Такой подход сказался на литературоведческом изучении летописных произведений, результаты которого опубликованы в коллективной монографии «Истоки русской беллетристики». Здесь путем анализа отдельных, выделяемых исследователями фрагментов летописных сводов (повестей и сказаний) построены концепции развития древнерусского повествовательного искусства, эволюции его жанровых форм 379. Установка на компилятивность, эстетическую неоднородность и неравноценность летописного повествования при его анализе приводила к преобладанию интереса к отдельным повестям 380, а не к конкретным памятникам летописания как включающему их художественному целому. Эти отдельные внутрилетописные произведения, как правило, и вводились в систему художественной литературы.

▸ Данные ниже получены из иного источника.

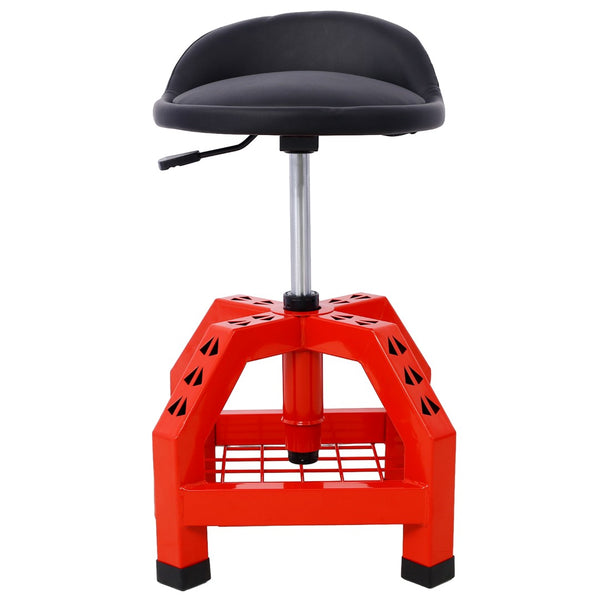 English Elm Pneumatic Swivel Rolling Mechanics Stool with Foam Cushion and Heavy Duty Shop Casters Red W46590152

В работах И. П. Еремина, посвященных поэтике ПВЛ и двух других частей южнорусского свода конца XIII в. (Киевской и Волынской) 381, эти три памятника были впервые проанализированы именно как самостоятельные литературные произведения. Однако и Еремин, выделив внутри летописного жанра три типа повествования (погодные записи, летописные рассказы и повести), придерживался взгляда на летописный текст как эстетически неравноценный. Исследователь характеризовал «повествовательный материал летописи с точки зрения его литературной природы – его метода отражения исторической действительности» 382.

В этих статьях Еремина анализ поэтики памятников летописания был в большей мере направлен на поиск их типических особенностей и практически не касался выявления авторской телеологии (за исключением политической направленности летописных сводов), обеспечивающей целостный и индивидуальный характер этих памятников.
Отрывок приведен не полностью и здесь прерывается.